As to plaintiff's state law claims, defendants argue "[t]he only specific individual defendant, other than the generalized `DOES,' is the sheriff and he is not alleged to have had any personal involvement in the state claims." (ECF 6 at 5.) Accordingly, defendants conclude that because "[a]s a public official, the sheriff cannot be liable for injury caused by the act or omission of another," plaintiff's state law claims should be dismissed. (Id.)

Plaintiff responds "Sheriff . . . Ferrara is liable pursuant to California Government Code [section] 820(a), which renders a public employee liable for injury caused by his or her act or omission to the same extent as a private person." (ECF 7 at 7.) At the hearing, plaintiff's counsel agreed to amend the Complaint, to the extent possible, to allege Sheriff Ferrara's personal participation such that liability will attach under the state law claims.

Under California Government Code section 820.8, "a public employee is not liable for an injury caused by the act or omission of another person."

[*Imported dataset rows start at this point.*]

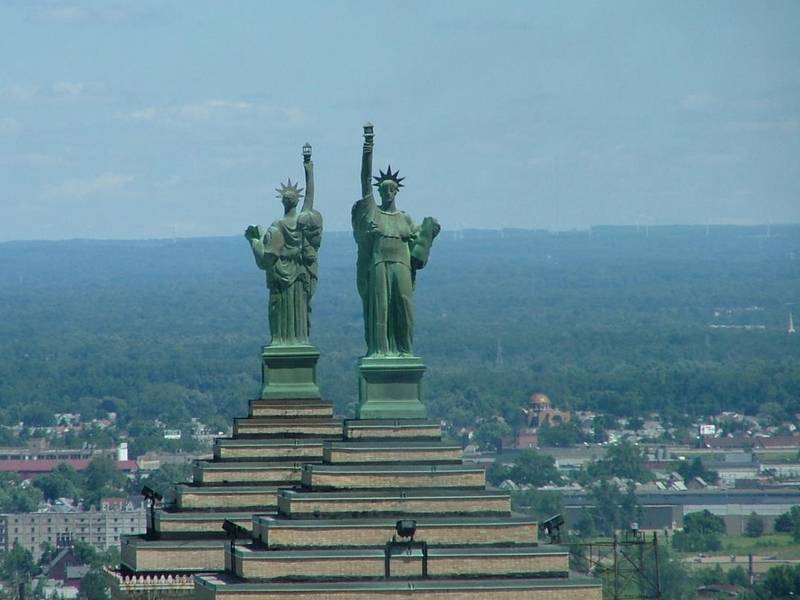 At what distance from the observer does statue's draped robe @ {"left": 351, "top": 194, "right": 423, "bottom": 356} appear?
5662 cm

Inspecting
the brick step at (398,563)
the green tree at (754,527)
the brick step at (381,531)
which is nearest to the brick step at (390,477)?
the brick step at (381,531)

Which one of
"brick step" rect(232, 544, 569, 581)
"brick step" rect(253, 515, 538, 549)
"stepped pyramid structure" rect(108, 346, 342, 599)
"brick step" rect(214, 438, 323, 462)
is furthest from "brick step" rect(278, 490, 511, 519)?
"brick step" rect(214, 438, 323, 462)

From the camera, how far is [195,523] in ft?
194

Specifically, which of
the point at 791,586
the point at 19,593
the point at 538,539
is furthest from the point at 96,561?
the point at 538,539

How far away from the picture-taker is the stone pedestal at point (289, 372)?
64000mm

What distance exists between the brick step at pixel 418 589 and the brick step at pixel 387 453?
2.70 m

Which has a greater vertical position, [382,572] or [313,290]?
[313,290]

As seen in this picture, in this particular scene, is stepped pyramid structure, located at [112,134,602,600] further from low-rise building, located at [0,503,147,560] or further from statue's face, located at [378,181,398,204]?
low-rise building, located at [0,503,147,560]

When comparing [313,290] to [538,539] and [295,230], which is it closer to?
[295,230]

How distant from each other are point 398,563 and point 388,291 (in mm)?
5465

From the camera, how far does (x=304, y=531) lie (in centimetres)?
5297

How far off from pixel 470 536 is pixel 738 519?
133 meters

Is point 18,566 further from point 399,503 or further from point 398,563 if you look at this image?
point 398,563

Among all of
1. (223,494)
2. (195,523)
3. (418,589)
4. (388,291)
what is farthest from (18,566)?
(418,589) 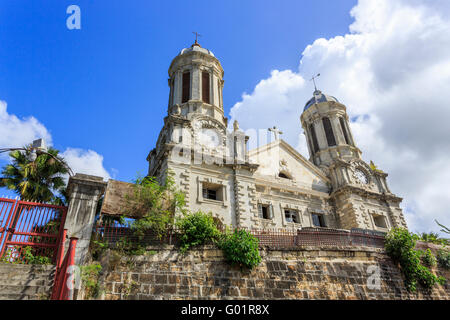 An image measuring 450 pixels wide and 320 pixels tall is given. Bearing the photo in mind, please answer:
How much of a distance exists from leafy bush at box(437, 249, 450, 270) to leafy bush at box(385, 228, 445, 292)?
1.64 meters

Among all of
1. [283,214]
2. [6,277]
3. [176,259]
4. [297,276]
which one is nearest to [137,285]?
[176,259]

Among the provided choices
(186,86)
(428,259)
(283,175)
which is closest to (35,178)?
(186,86)

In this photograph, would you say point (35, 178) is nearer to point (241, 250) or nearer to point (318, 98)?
point (241, 250)

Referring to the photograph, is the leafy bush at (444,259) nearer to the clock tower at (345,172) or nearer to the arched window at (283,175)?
the clock tower at (345,172)

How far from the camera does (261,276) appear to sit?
11086mm

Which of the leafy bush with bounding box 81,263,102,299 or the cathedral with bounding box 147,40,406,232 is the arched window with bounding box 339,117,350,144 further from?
the leafy bush with bounding box 81,263,102,299

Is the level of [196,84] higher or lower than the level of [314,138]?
higher

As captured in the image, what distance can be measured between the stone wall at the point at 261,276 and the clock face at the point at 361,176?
552 inches

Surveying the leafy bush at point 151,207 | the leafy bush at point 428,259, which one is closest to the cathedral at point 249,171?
the leafy bush at point 151,207

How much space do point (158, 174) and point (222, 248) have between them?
31.7 feet

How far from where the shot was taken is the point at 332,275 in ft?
38.5

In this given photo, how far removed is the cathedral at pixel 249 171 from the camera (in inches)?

Here, plaintiff alleges the following state law claims against all defendants, including Sheriff Ferrara: (1) assault; (2) battery; (3) false arrest and illegal imprisonment; (4) intentional infliction of emotional distress; (5) negligence; (6) trespass; and (7) California Civil Code sections 52 and 52.1. (ECF 1.)

The state law claims alleged by plaintiff require Sheriff Ferrara's individual participation for liability to attach. Because the complaint is devoid of any factual allegations showing Sheriff Ferrara's individual acts that could give rise to plaintiff's state law claims, and because Sheriff Ferrara, as a public official, cannot be held vicariously liable for the acts of others, the court GRANTS defendants' Motion to Dismiss plaintiff's state law claims as alleged against Sheriff Ferrara, with leave to amend if plaintiff can do so consonant with Rule 11.

V. CONCLUSION

For the foregoing reasons, the court orders as follows:

1. Defendants' Motion to Dismiss plaintiff's first claim, violation of the Fourth Amendment, as alleged against Sheriff Ferrara is GRANTED with prejudice. 2. Defendants' Motion to Dismiss plaintiff's second claim, supervisory liability, is DENIED. 3. Defendants' Motion to Dismiss plaintiff's third claim, municipal liability, as alleged against Sheriff Ferrara in his official capacity is GRANTED with prejudice. 4. Defendants' Motion to Dismiss plaintiff's third claim, municipal liability, as alleged against the County is DENIED. 5. Defendants' Motion to Dismiss plaintiff's state law claims as alleged against Sheriff Ferrara is GRANTED, with leave to amend. 6. Plaintiff shall have 21 days from the date of this order to amend the Complaint.

IT IS SO ORDERED.

FootNotes


1. The complaint also identifies Doe defendants. The Ninth Circuit provides that "`[plaintiffs] should be given an opportunity through discovery to identify [] unknown defendants'" "in circumstances . . . `where the identity of the alleged defendant[] [is] not [] known prior to the filing of a complaint.'" Wakefield v. Thompson, 177 F.3d 1160, 1163 (9th Cir. 1999) (quoting Gillespie v. Civiletti, 629 F.2d 637, 642 (9th Cir. 1980)) (modifications in the original). Plaintiff is warned, however, that such defendants will be dismissed where "`it is clear that discovery would not uncover the identities, or that the complaint would be dismissed on other grounds.'" Id. (quoting Gillespie, 629 F.2d at 642). Plaintiff is further warned that Federal Rule of Civil Procedure 4(m), which states that the court must dismiss defendants who have not been served within 120 days after the filing of the complaint unless plaintiff shows good cause, is applicable to doe defendants. See Glass v. Fields, No. 1:09-cv-00098-OWW-SMS PC, 2011 U.S. Dist. LEXIS 97604 (E.D. Cal. Aug. 31, 2011); Hard Drive Prods. v. Does, No. C 11-01567 LB, 2011 U.S. Dist. LEXIS 109837, at *2-4 (N.D. Cal. Sep. 27, 2011).